Enhancing the Efficiency of Immiscible Water Alternating Gas (WAG) Injection in a Matured, High Temperature and High CO2 Solution Gas Reservoir - A Laboratory Study

Mohd Shafian, Siti Rohaida (PETRONAS Research Sdn Bhd) | Kamarul Bahrim, Ridhwan Zhafri (PETRONAS Research Sdn Bhd) | Abdul Hamid, Pauziyah (Petronas Research Sdn Bhd) | Abdul Manap, Arif Azhan (PETRONAS Research Sdn Bhd) | Darman, Nasir B. (PETRONAS) | Sedaralit, Mohd Faizal (PETRONAS) | Tewari, Raj Deo (Petronas Carigali Sdn Bhd)

OnePetro 

This paper discusses laboratory results of enhancing the performance of water alternating gas (WAG) injection process. Currently, field is under primary and secondary phases. It is light oil with moderate to good reservoir characteristics and relatively higher in reservoir temperature between 92 - 101oC and higher CO2 percentage in produced gas. Field is in decline phase and rise in water cut and GOR values. Redevelopment strategy of the field includes optimization of well spacing and WAG application to maximizing the oil recovery. One of the key challenges faced on WAG injection is gas overriding. Therefore, it becomes important to control the gas flood front during gas injection cycle of WAG and allowing the reservoir to reach to Sorg level.

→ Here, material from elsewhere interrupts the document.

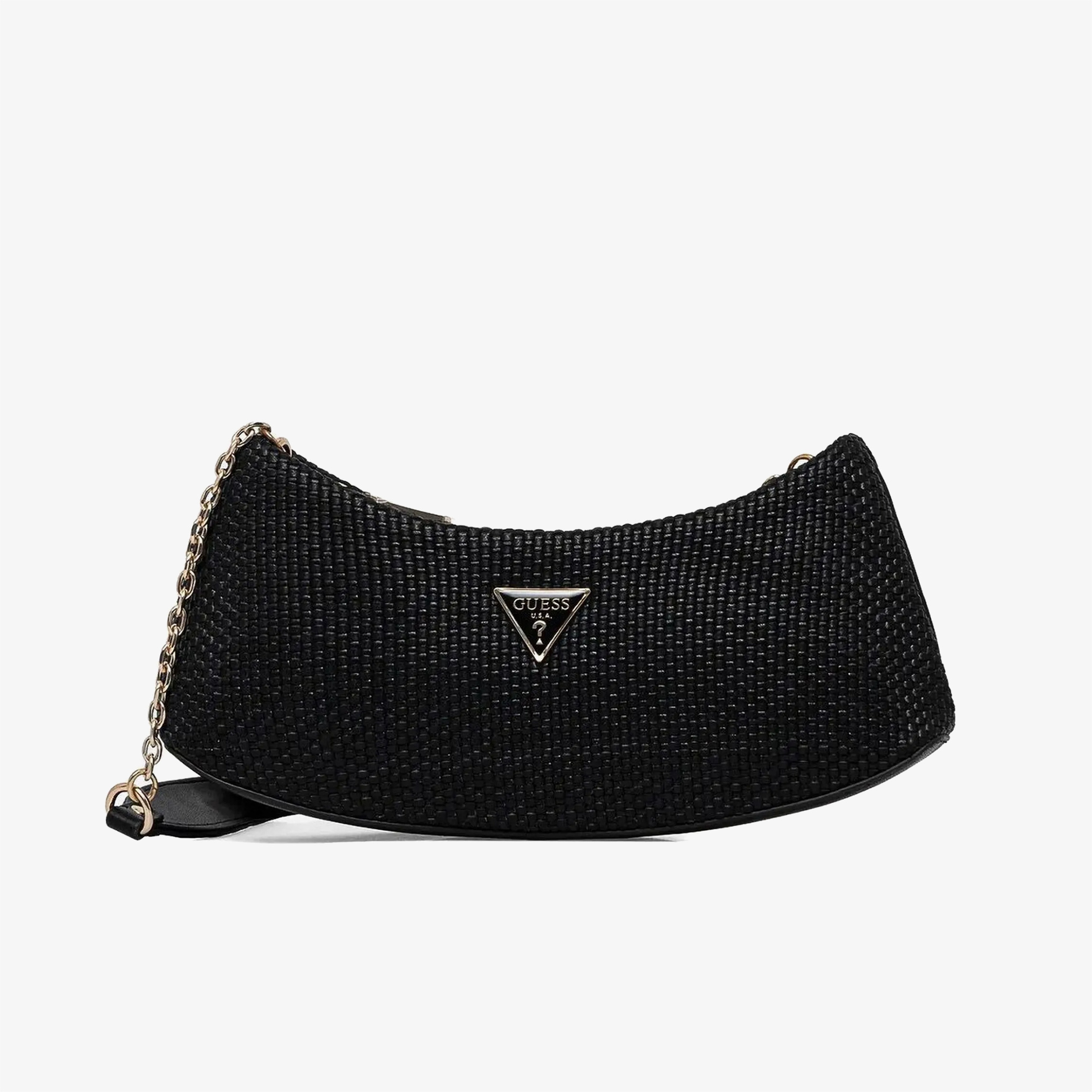 Guess Atalia Crossbody Buc 38170 Kadın Siyah El Çantası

The study will focus on measuring the variation of petrophysical parameters for surfactants that has bulk foam stabilization properties. In addition to classical foam Mobility Reduction Factor (MRF) determination, effect of foam on gas saturation has also been monitored along the core using in-situ X-ray monitoring tool.  Propagation of foam in porous media is less understood and application of X-ray monitoring for gas saturation in dynamic condition helps to understand this to great extent.

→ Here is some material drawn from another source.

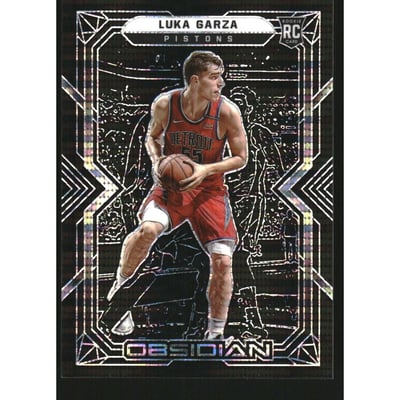 2021-22 Panini Obsidian Electric Etch Asia #183 Luka Garza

Experiments have been carried out on Berea and reservoir cores mounted on dedicated X-Ray-equipped core flood bench. The core, initially at Swi, is flooded up to Sorw with water followed by gas injection to Sorg level to establish the reference condition for WAG. A slug of surfactant solution is then injected followed by gas prior to co-injection of surfactant and gas (83 % quality foam).  Fluid propagation in core is correctly monitored for every 0.1 PV injection of fluids. The results suggest efficient mobility control by achieving required MRF in presence of ROS. High MRF is an essential ingredient for the success of the process. These results are also correlated with a homogenization of the gas front in presence of foam.